Left’s waning popularity since 2021
Traditionally, the UDF is backed by the minorities in Kerala, whereas the CPI-M is the bona fide ‘Hindu party’. Taking into account the BJP’s growth among the Hindu community, the Marxists worked overtime to appease Muslims in the run-up to the 2024 Lok Sabha polls, with issues such as Hamas and the Citizenship Amendment Act dominating the poll narrative—only to come a cropper.
The Left under Pinarayi Vijayan had grown massively unpopular, regularly defaulting on disbursing welfare pensions, with corruption scandals to boot. Conversely, the Lok Sabha election result seemed to set the UDF house in order, with both Muslims and Christians voting in tandem for the Congress, resulting in the UDF securing 18 out of the 20 seats, even if it lost Thrissur to BJP’s Suresh Gopi.
Disquiet in Munambam
Nonetheless, Congress failed to anticipate the mounting anxiety among Christians on the Munambam issue.
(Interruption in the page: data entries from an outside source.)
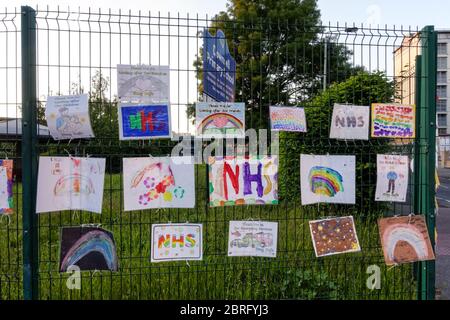 Rainbow Zeichnungen, Unterstützung NHS, am Geländer der Grundschule vorübergehend geschlossen wegen Coronavirus Sperre, London, England Großbritannien Stockfoto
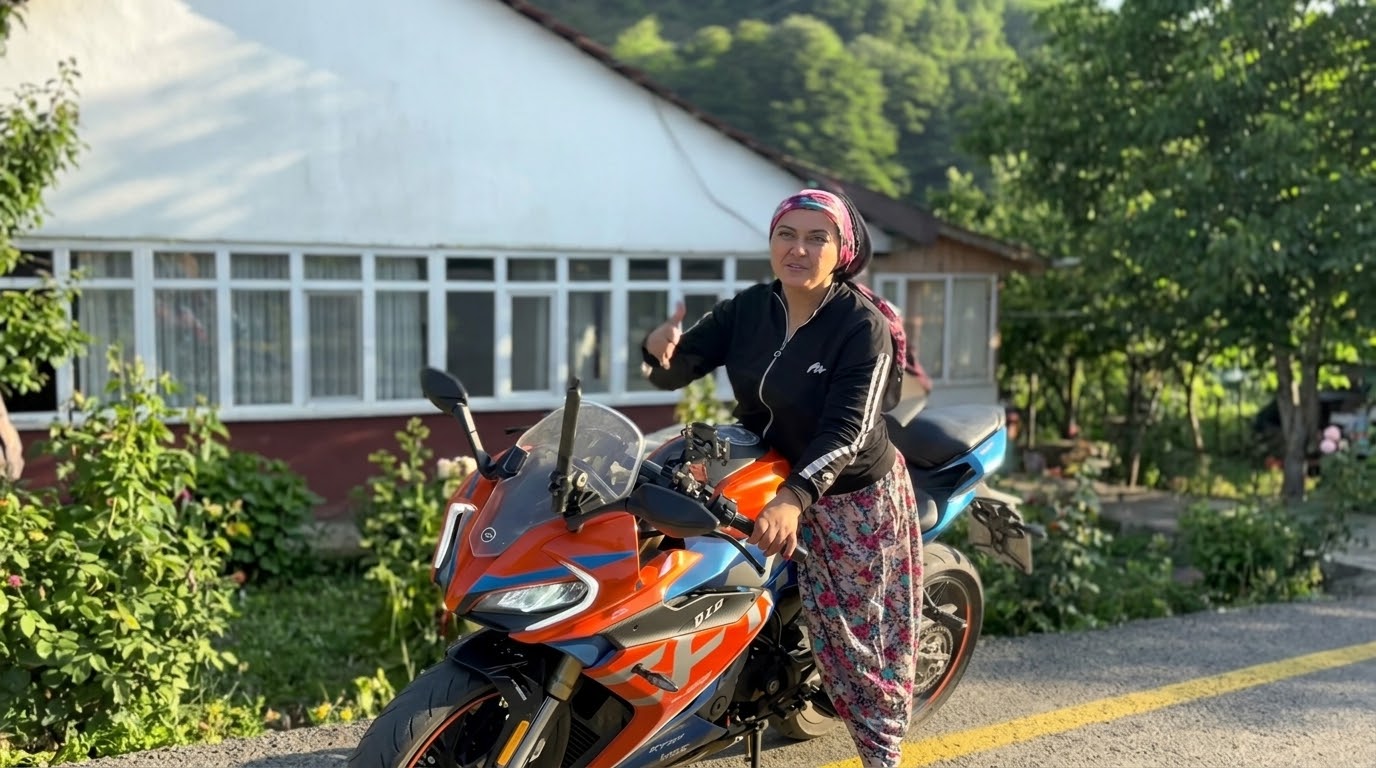 Düzceli Motosiklet Tutkunu Genç Kızın Görüntüleri Sosyal Medyada Viral Oldu!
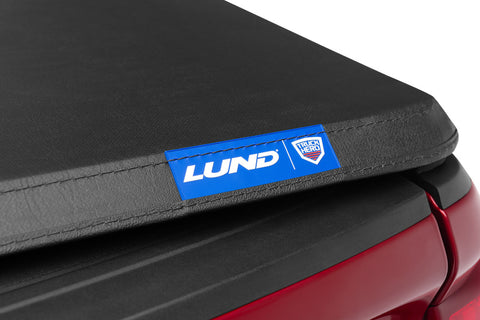Lund 19-23 RAM 1500 (6.5ft Bed w/o RamBox Cargo Mgmt) Genesis Elite Tri-Fold Tonneau Cover - Black - 958164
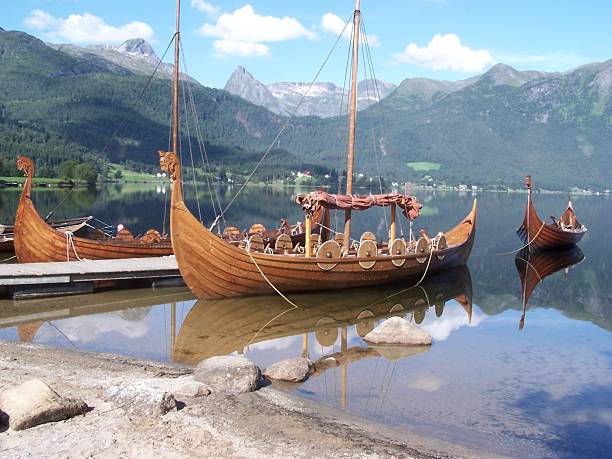 barco de vikingos - drakkar fotografías e imágenes de stock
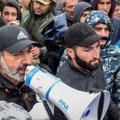 Armeenia peaminister põgenes kõnelustelt protestide liidritega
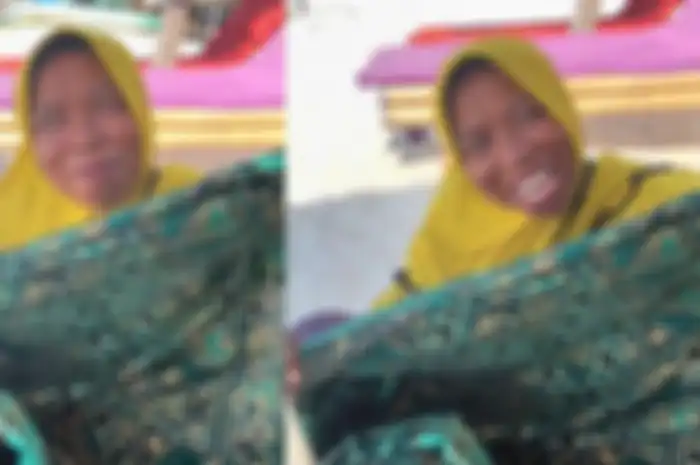 Sosok Sandy penjual sarung yang viral di TikTok karena kuasai 5 bahasa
VD Satheesan, the Leader of Opposition, tried to calm frayed tempers by visiting the hamlet and declaring that it wasn’t Waqf property, but the Congress line was swiftly contradicted by IUML leaders in public—the strategy backfiring on the UDF.
Meanwhile, the state government appointed a judicial commission under retired justice CN Ramachandran Nair to figure out a solution. The Kerala Waqf Protection Forum challenged the commission’s legality, pleading that the Munambam issue was pending in the Waqf tribunal, leading to the High Court striking down the appointment.
The anxiety of Munambam residents peaked at this point, with Muslim organisations not willing to give an inch, claiming that the Waqf law is anchored in Islamic jurisprudence – despite the disputed nature of the claim in the first place. Whereas it was the Christian clergy with their BJP predilections who sought to influence the laity in the past, but to little avail, the sentiment on Munambam developed among Christians fairly organically.
The draconian section 108A in the Waqf Act, 1995 coupled with section 83, which bestows enormous power on the Waqf tribunal, set off fears that people could lose their homes, with Munambam embodying it.
Congress caught in a bind
As the Congress failed to address the growing concerns of Christians, the narrative of ‘IUML setting UDF agenda’ became a plausible theory. Meanwhile, the Kerala Catholic Bishops Conference (KCBC) came up with an exhortation to Kerala MPs to support the Waqf (Amendment) Bill, leaving the Congress in a bind. The party’s national leadership was left to choose between the support of Muslims across the country, or Christians in Kerala.
Regardless, the Congress could have adopted a more nuanced position. For instance, Jose K Mani, of the Kerala Congress (M), offered partial support, backing clauses in the new Bill that replaced the draconian provisions in the repealed Act, even if he voted against it. The Congress parliamentarians from Kerala failed to come up with a similar strategy, simply following the party whip.
BJP’s gain is Congress loss
Rajeev Chandrasekhar, the newly-minted state BJP president, was quick to take credit for the passage of the Bill. At least 50 residents of Munambam took membership of the saffron party, when he visited the hamlet on April 5. The die is cast, and Congress will struggle to retain its core vote bank ahead of a make-or-break election next year, which will be preceded by the local body polls later this year.
If it was only the Syrian Christians on the BJP’s radar in the past, the Munambam issue ensured that the Latin Christians too are a potential support base. It is unlikely that a sizeable number of Christians would switch from the Congress to the BJP overnight, and such a situation could again be to the Left’s advantage.
In any case, this is the Shah Bano moment for the Congress in Kerala.